* **TASK TO COMPLETE**
This exercise asks for an exact copy of the lines from the one containing "Yerba Mate Live" through the final line of the material, with pictures omitted.

* **SUPPLIED DATA**
▽
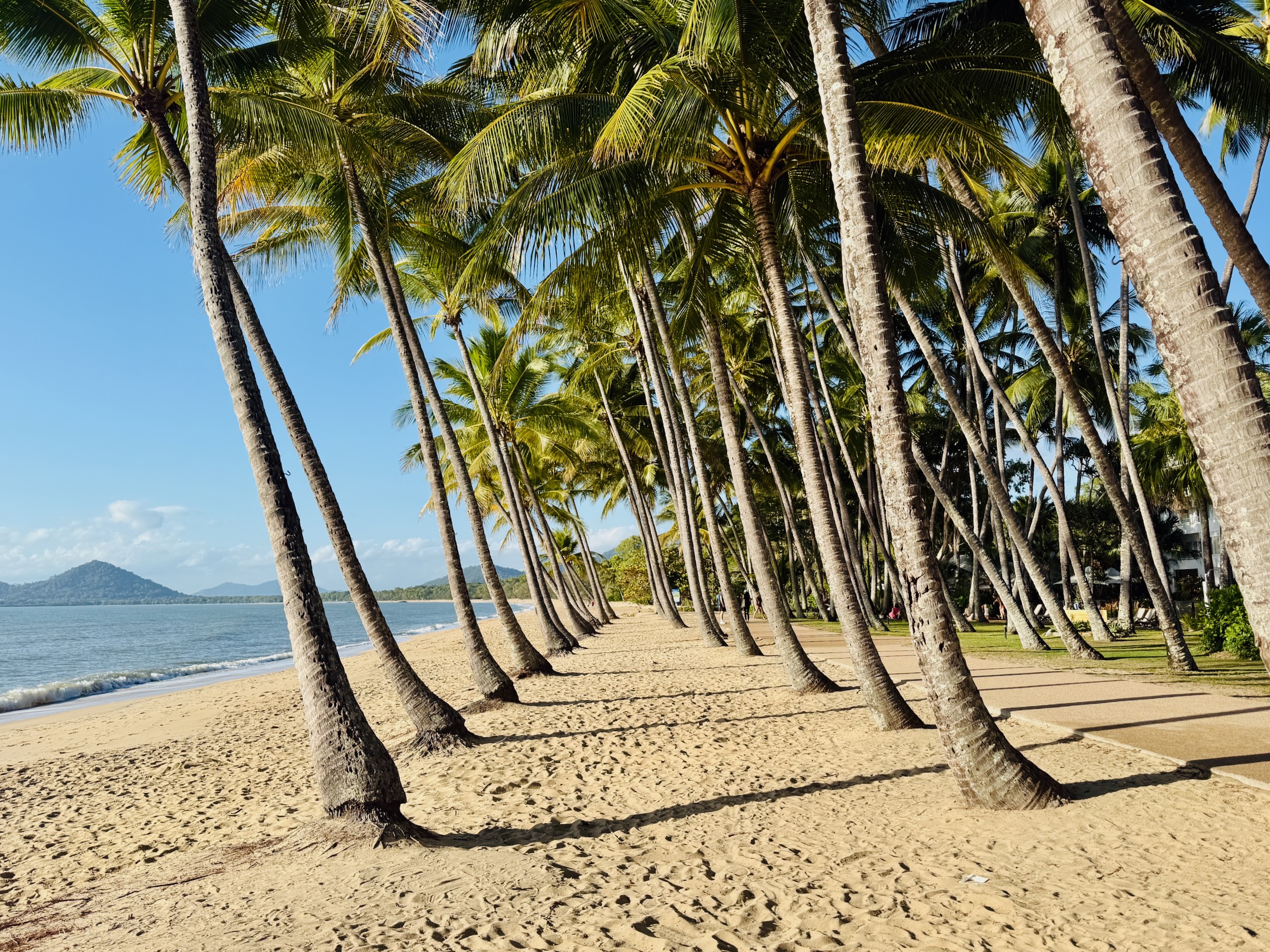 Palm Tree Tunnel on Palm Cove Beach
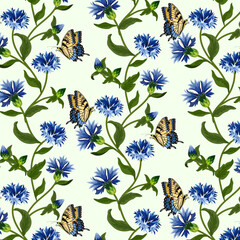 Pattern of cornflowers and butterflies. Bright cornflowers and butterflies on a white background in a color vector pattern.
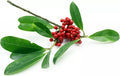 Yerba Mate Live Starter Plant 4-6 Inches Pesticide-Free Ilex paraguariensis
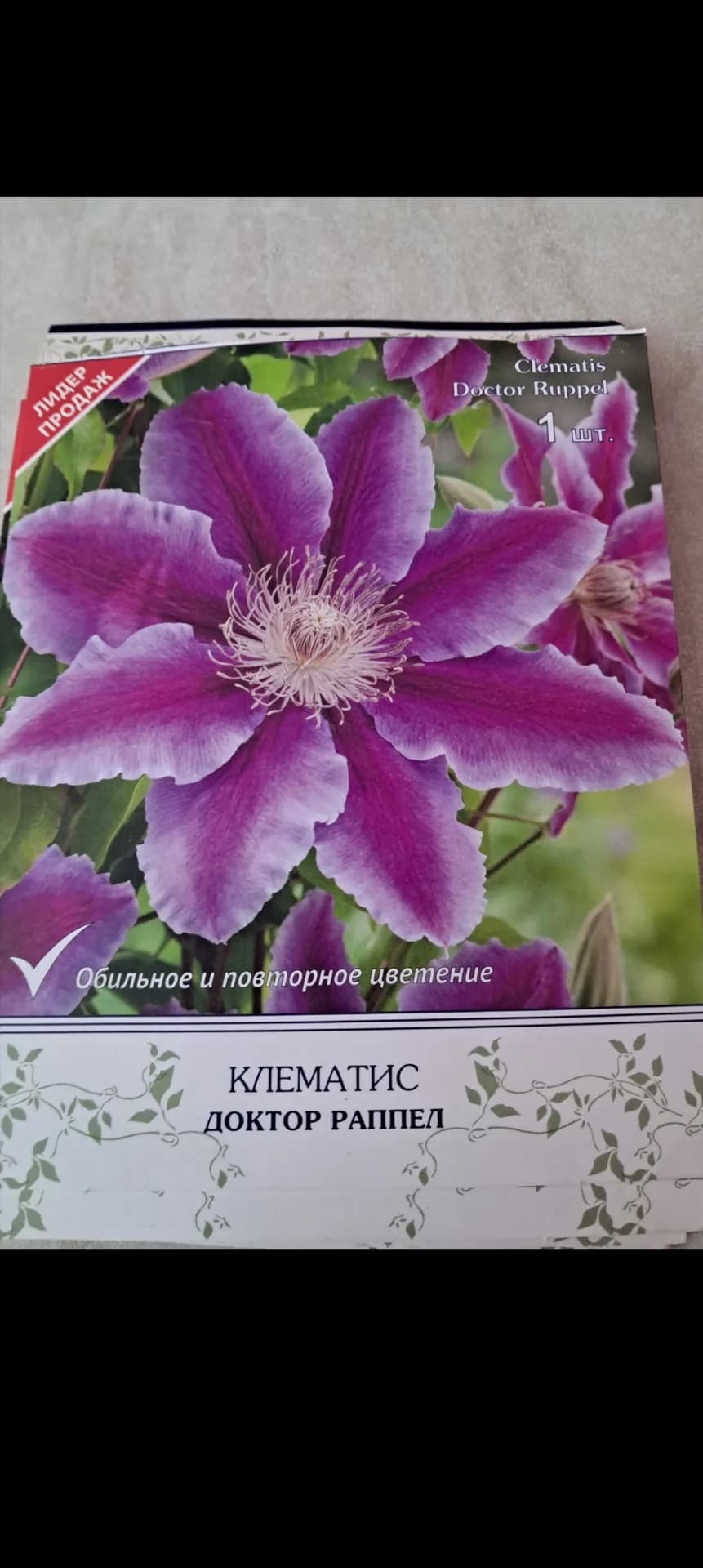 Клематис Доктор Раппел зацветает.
△
* **TASK RESPONSE**
 Yerba Mate Live Starter Plant 4-6 Inches Pesticide-Free Ilex paraguariensis
 Клематис Доктор Раппел зацветает.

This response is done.